All lines from the line containing "Pink Dendrobium Orchids" up to and including the last line of the entries must be written out exactly, with no others.

=== INFORMATION GIVEN ===

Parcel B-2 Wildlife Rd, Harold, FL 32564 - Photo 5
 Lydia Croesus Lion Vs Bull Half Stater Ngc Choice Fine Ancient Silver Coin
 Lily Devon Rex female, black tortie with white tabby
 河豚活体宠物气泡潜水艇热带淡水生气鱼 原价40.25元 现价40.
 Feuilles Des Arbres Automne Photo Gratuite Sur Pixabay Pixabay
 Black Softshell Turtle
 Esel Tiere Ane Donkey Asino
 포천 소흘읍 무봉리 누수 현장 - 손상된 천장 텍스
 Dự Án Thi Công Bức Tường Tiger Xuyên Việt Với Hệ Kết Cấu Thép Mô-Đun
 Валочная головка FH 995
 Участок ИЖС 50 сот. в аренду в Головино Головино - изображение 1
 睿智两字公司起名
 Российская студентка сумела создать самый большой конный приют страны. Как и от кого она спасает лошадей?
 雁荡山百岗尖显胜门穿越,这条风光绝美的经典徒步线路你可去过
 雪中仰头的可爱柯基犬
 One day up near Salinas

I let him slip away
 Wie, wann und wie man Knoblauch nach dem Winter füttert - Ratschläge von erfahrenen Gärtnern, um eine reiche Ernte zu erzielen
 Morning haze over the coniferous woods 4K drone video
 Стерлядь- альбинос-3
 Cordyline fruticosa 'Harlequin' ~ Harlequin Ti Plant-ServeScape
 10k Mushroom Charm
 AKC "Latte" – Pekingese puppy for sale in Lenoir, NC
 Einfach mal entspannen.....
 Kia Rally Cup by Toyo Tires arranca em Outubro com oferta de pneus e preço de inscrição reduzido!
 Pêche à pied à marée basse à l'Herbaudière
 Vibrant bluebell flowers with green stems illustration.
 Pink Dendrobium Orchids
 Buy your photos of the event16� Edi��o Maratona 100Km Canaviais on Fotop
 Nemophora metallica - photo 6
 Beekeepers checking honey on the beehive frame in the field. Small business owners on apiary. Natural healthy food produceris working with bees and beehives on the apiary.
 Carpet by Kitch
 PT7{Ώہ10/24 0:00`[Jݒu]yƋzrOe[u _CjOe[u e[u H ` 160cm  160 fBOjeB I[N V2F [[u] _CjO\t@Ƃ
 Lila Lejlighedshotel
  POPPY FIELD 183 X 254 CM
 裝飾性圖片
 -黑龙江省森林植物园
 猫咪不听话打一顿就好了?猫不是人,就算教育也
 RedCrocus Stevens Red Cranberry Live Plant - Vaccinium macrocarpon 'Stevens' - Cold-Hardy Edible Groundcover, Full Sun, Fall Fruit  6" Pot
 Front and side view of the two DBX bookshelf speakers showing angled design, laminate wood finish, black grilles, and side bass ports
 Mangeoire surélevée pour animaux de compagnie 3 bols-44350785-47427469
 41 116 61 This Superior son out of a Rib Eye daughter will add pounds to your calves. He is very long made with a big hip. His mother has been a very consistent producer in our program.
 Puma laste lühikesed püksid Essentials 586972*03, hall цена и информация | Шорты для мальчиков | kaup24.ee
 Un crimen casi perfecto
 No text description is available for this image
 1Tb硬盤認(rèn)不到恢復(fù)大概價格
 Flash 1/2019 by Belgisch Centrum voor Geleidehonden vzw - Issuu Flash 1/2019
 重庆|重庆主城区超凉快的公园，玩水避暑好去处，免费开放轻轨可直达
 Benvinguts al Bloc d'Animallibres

===

PROBLEM SOLUTION
 Pink Dendrobium Orchids
 Buy your photos of the event16� Edi��o Maratona 100Km Canaviais on Fotop
 Nemophora metallica - photo 6
 Beekeepers checking honey on the beehive frame in the field. Small business owners on apiary. Natural healthy food produceris working with bees and beehives on the apiary.
 Carpet by Kitch
 PT7{Ώہ10/24 0:00`[Jݒu]yƋzrOe[u _CjOe[u e[u H ` 160cm  160 fBOjeB I[N V2F [[u] _CjO\t@Ƃ
 Lila Lejlighedshotel
  POPPY FIELD 183 X 254 CM
 裝飾性圖片
 -黑龙江省森林植物园
 猫咪不听话打一顿就好了?猫不是人,就算教育也
 RedCrocus Stevens Red Cranberry Live Plant - Vaccinium macrocarpon 'Stevens' - Cold-Hardy Edible Groundcover, Full Sun, Fall Fruit  6" Pot
 Front and side view of the two DBX bookshelf speakers showing angled design, laminate wood finish, black grilles, and side bass ports
 Mangeoire surélevée pour animaux de compagnie 3 bols-44350785-47427469
 41 116 61 This Superior son out of a Rib Eye daughter will add pounds to your calves. He is very long made with a big hip. His mother has been a very consistent producer in our program.
 Puma laste lühikesed püksid Essentials 586972*03, hall цена и информация | Шорты для мальчиков | kaup24.ee
 Un crimen casi perfecto
 No text description is available for this image
 1Tb硬盤認(rèn)不到恢復(fù)大概價格
 Flash 1/2019 by Belgisch Centrum voor Geleidehonden vzw - Issuu Flash 1/2019
 重庆|重庆主城区超凉快的公园，玩水避暑好去处，免费开放轻轨可直达
 Benvinguts al Bloc d'Animallibres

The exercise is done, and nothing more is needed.